The dead didn’t vote in Ireland, says Muscat
The Irish have voted overwhelmingly for the Lisbon Treaty. It still needs the approval of Poland and the Czech Republic, but if that goes through, Malta will have its sixth seat in the European Parliament, which will go to Labour and Joseph Cuschieri – he who sacrificed his seat for Joseph Muscat.
In line with its new image that is made up mainly of telling us to forget the past (well, if I had a recent past that was so embarrassing and compromising, I wouldn’t want to remember it either), the Labour Party has been at pains to welcome the news of the Irish vote.
Its official statement does not include the suggestion that we should collate the number of people who voted against the treaty with those who abstained, those who invalidated their ballot sheet and those who are recently deceased but still on the electoral roll, as it is not the number of people who voted Yes that counts, but the number of people who didn’t.
This is strange, because the closest Joseph Muscat has come to acknowledging that the people of Malta voted for EU membership in the referendum rather than in the general election that followed, was last year – a full five years after the main event. And what he actually said was that, “with hindsight”, he thinks that the Yes vote “probably won”.
Fortunately, this time we don’t have to wait another five years for Muscat to deploy hindsight in assessing whether the Irish voted for the Lisbon Treaty, or whether the No votes, the abstentions, the dead and those who mucked up their ballot-paper are the ones who should be gathered up together and counted instead.
That’s because there’s something in the Irish Yes vote for his party: a seat in the EU parliament that will permit him, among other things, to get shot of that guilt-making former MP lurking in the wings looking for a source of income.
The need to find a paying occupation for Joseph Cuschieri has become even more pressing now that Mrs Micallef has been put on the party payroll. Let’s put it this way. Cuschieri was the fall-guy who was sweet-talked into giving up his seat in parliament so that Muscat could become leader of the opposition (you can be party leader without a seat in parliament, but you obviously can’t be leader of the opposition).
Heaven knows how they chatted him up, what they told him and promised him, how Jason Micallef massaged his ego and how Joseph Muscat gave him the full-on flirt. Then once he was out, and Muscat had what he wanted, Cuschieri found himself without income, without a job and with a handbag full of empty promises. He was told there was no job going for him at the party, that he couldn’t be employed there.

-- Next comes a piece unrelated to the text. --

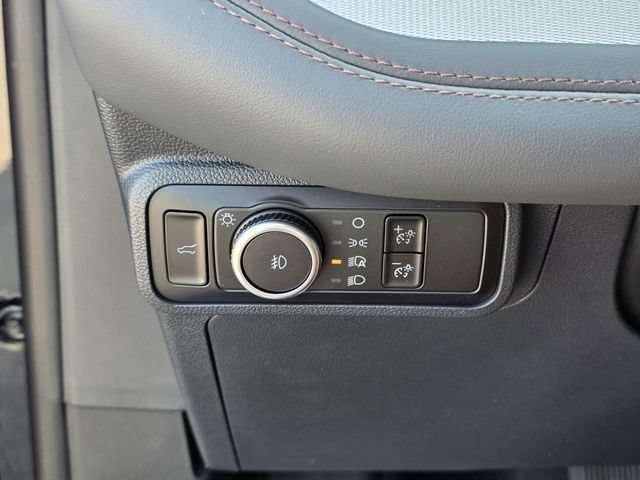 Certified 2026 Ford Explorer Active w/ Active Comfort Package RWD image 19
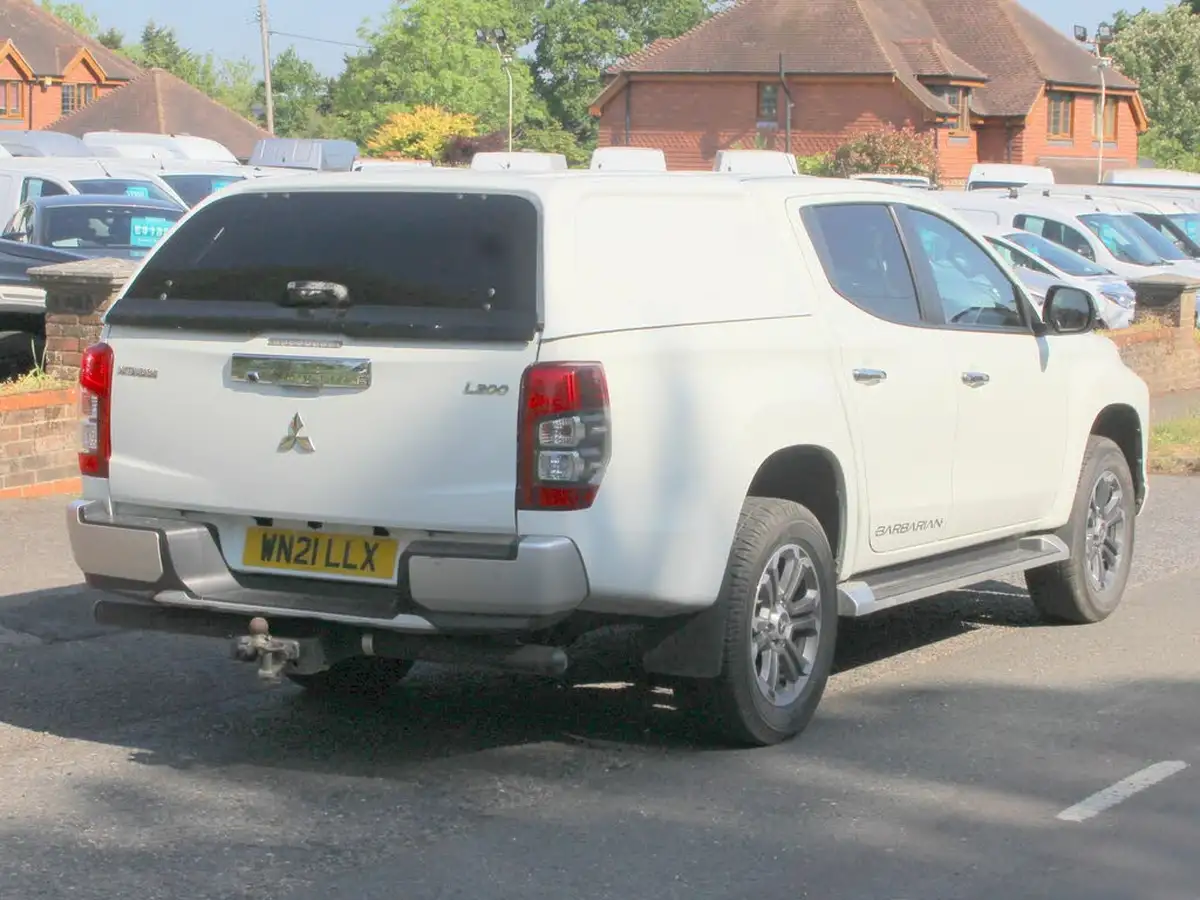 2021-mitsubishi-l200-22di-d-barbarian-big-13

Then the next thing he hears, a woman who spent the best part of 13 years running Labour down in newspaper articles while holding public office – a political appointment and not the result of an open recruitment exercise – suddenly fetches up at the Labour Party’s door, is snatched inside and paid a rather comfortable salary.
Cuschieri and others would be thinking now, and I really don’t blame them, that while there is no money to employ the man who gave up his seat to enable Muscat to become prime minister, there is money to employ Marisa Micallef to play the role of a decoy duck in attracting other ducks like her to Muscat’s pond, where they will be shot, stuffed and displayed as trophies in Labour’s vetrina.
Or perhaps Muscat has simply paid for Mrs Micallef’s scalp, and doesn’t really expect her to do any work at all – but even so, if I were Cuschieri I would be really cross.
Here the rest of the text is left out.